Video games are social constructs trying to sell to a market ripe with guys unfamiliar to females (not abundant but enough). Actually, I play as a female in most games. Mostly because I'm 'pervy' (Prefer: Like how God made the female form.) And prefer running around to a female voice and a female player model. My skyrim game right now in another thread has me as such. I like playing the female character. From Halo: Reach to Mass Effect..
Maybe that means I feel like a girl on the inside, I like to think I'm closer to pansexual or trans but I like being a guy. I also like my mind and accept my preferences. I like sexual stuff, as even a topic of conversation. In reflection...many call this being a pervert...
The current odd tropes in my porn escapade are those heavy interracial pornos where guys give their wife to a bigger sized 'black bull' to please her in their place (inadequacy in bed) but they get ready racist about it (black men rule you tier stuff). Sissy hypnotic stuff (or basically 30 images of feminine guys in hot lingerie who look like girls all flashing in front of you in like...6 second), never thought I'd come to enjoy that until I found out I relate to the feeling from when I was younger. Initially I REALLY rejected that area until my friends made me reconsider, even then I feel wrong spiritually speaking but chose to accept and try it. Its not bad, but a lot of it is heavy on racism, degradation, and sexism. The there's tentacle porn in hentai, which gets into rapey areas and anatomically disturbing content. I prefer the consensual stuff. But noticed its one step down from gangbangs and bdsm.

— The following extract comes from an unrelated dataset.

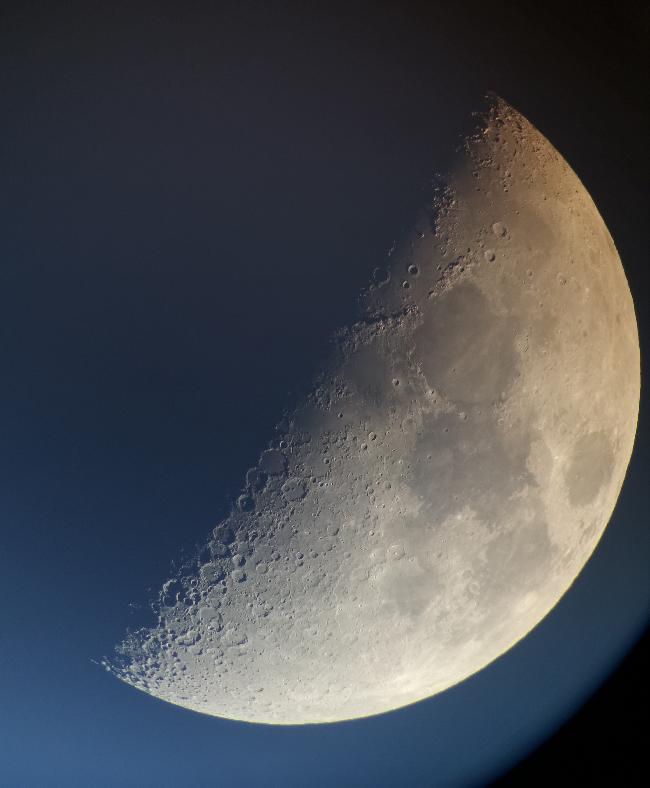 Lune ascendante, 12 février 2019 à 18h03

Of it all, I don't really enjoy it much. Its just easier to find than kindly sexually erotic hentai or emotional sexually satisfied porn. Its why I think I'll.always retain a squirting fetish, thats one porno genre where you can literally see the orgasm in progress. Which is the really hot part to me.
-cough-
Mind you I'm being pretty open... If this is disturbing to anyone please tell me to shut up. Just being honest...
To adf to this all, the blockages involved are in order are Yellow Ray, Red Ray, Orange Ray.
I'd never 'cuckold' my wife or gf, that's what sex toys are for, but its a clue that I have doubts in my own sexual ability stemming from a lackof self belief due to failed relationships in the past that I need to balance)
I'd never crossdress (even if skirts look amazing and comfy) though I can't say I would never try same sex stuff again, but at this time when I have a girlfriend, I'd rather not bother with it. Its a red ray block.of ssexuality. I have never tried to make sense how being penetrated as a kid might psychologically create a portion of myself who identified as female.
I honestly like it though. Most of my friends are girls. I get feminine concepts and yearn for less masculine interactions. I for a while in high school felt more woman than man but never told anyone. I dont identify as a transexual, but some might argue I should. I'm content just being who I was born as. Besides... ... ... Girls are increasingly mean sometimes D:
Then the tentacle stuff I think is an outlet of combining the pleasure of sexual art with bondage intermixed with being overpowered (in good and bad ways) That leads to an orange ray block of desiring to possess and sexually have control over a girl. Though I've always been repulsed by rape. Not into that, but I wonder if that's any difference even if its 'consensual rape play' and such (I lost my girl virginity to a real weird girl lol)
Pay attention to the porn you watch, try to link.it to a blockage when you notice certain genres you return to often.